Granite, like most natural stones, contains radioactive material. While this isn’t much of a concern for a person who spends a few hours in a kitchen with granite countertops every day, new research by David Bernhardt, Linda Kincaid, and Al Gerhart suggests that the workers who fabricate those countertops might have reason to worry.
When they cut granite slabs to fit a room and to have nice edges, corners, and cut-outs for sinks and appliances, workers’ saws can create a lot of dust, and that dust can contain uranium, thorium, and other radioactive materials. If the dust isn’t properly controlled and the workers are not wearing the right protective equipment, they can inhale the dust, where it can cause real damage to the vulnerable tissues in their lungs. Based on limited sampling and some conservative assumptions about control equipment and exposure duration, Bernhardt, Kincaid, and Gerhart suggest that stone cutters could potentially be exposed to radiation levels many times greater than recommended exposure levels for the general public.
Granite’s radiation problem is not new, and the Marble Institute of America, one of the industry’s main trade associations, was quick to commission its own study to challenge the worker exposure research. The MIA-commissioned study questioned Bernhardt et al.’s sampling techniques and statistical analysis. And the MIA, for its part, argued that it is standard practice within the industry to use wet-cutting techniques (which would limit dust but weren’t used when Kincaid and Gerhart did their sampling). But by the MIA’s own account, over 25 percent of stone fabricators don’t use those techniques.

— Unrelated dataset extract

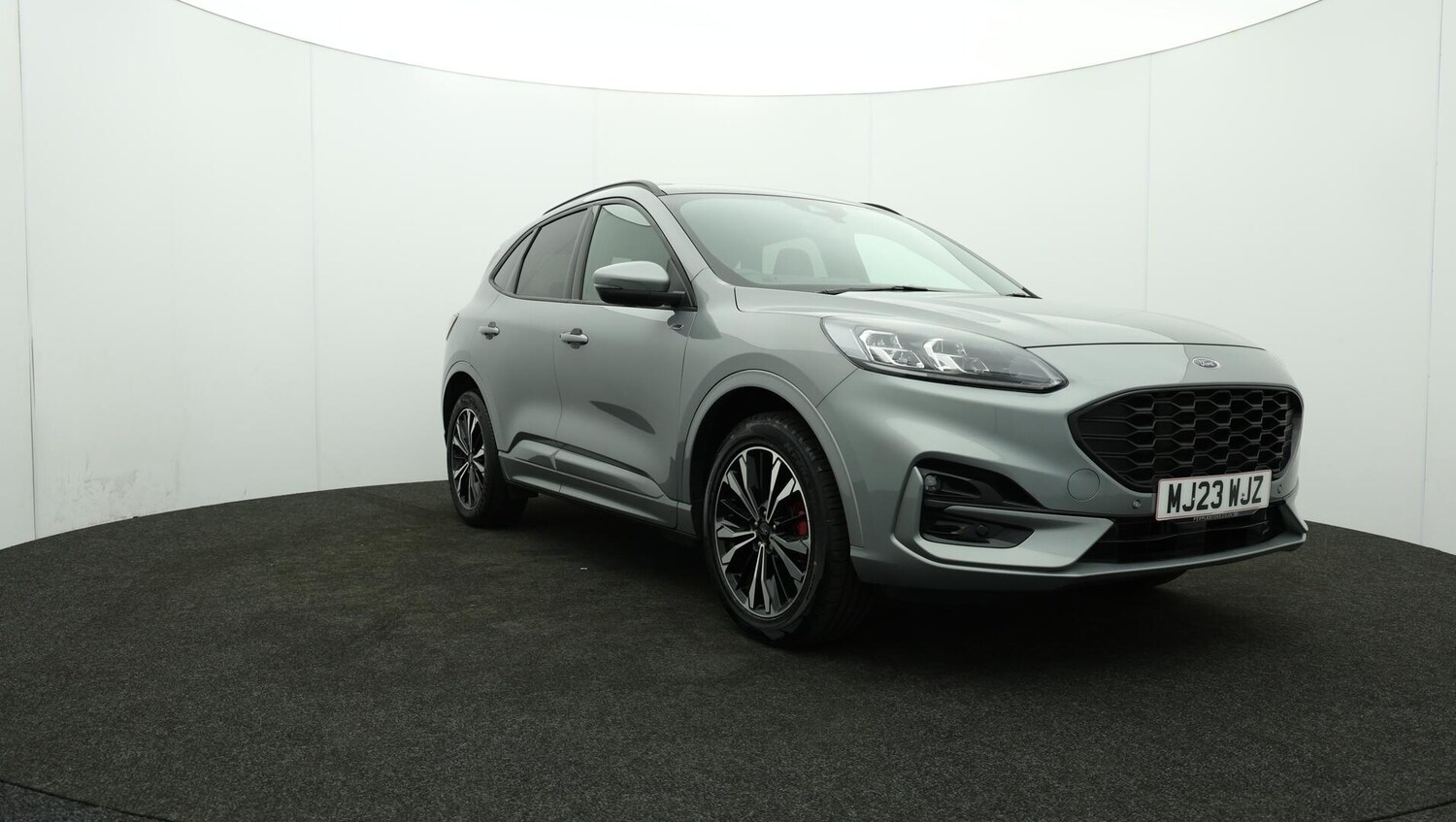 Used Ford Kuga 2023 for sale - 75927151: Photo 56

Where does OSHA fit into this picture? On the enforcement side, the Scripps Howard News Service report on Bernhardt et al.’s work notes that:
Inspecting 133 of the nation's 64,000 stone cutting facilities from October 2007 to September 2008, authorities from the Occupational Safety and Health Administration -- part of the U.S. Department of Labor -- issued 185 citations for respiratory violations and 54 citations for air contaminants, according to OSHA data.

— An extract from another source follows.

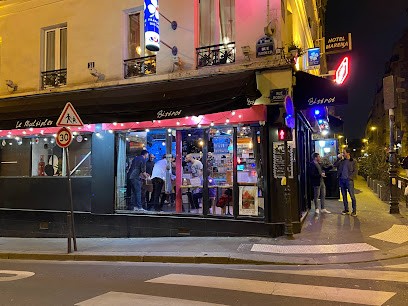 Kafe, Café à Paris 09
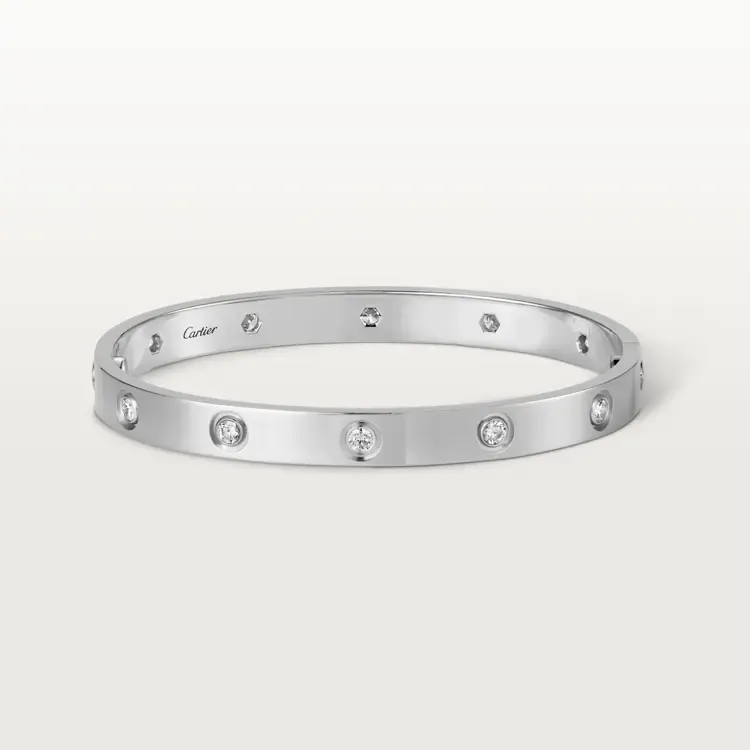 3-Piece Panthère Yellow Gold & Luck Gift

These data, bad enough in their own right, are particularly disturbing when you take into consideration that OSHA’s enforcement only reaches the workshops where rough cuts are made – OSHA inspectors probably will not get out to job sites where workers might not have proper ventilation, proper protective equipment, or wet-cutting tools.

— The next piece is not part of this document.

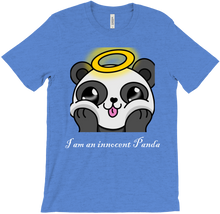 bluepandajam T-Shirts
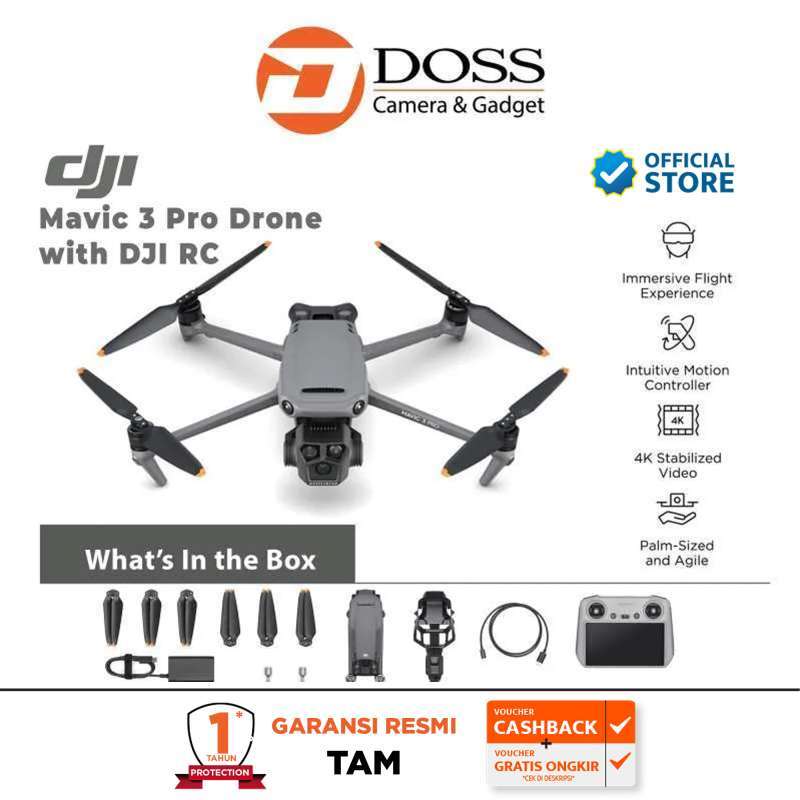 Mavic pro shop 2 harga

On the standard-setting front, OSHA is currently working on updating its standard for occupational exposure to crystalline silica, the main health hazard linked to granite cutting. The current standard is based on obsolete science from the 1950s and ‘60s. An update is long overdue and, according to OSHA, “[b]oth industry and worker groups have recognized that a comprehensive standard for crystalline silica is needed to provide for exposure monitoring, medical surveillance, and worker training.” If it is not too late in the process now, this would be a good opportunity for OSHA to consider how a new standard, while designed primarily to prevent silicosis, might have the added benefit of limiting workers’ exposure to radioactive materials.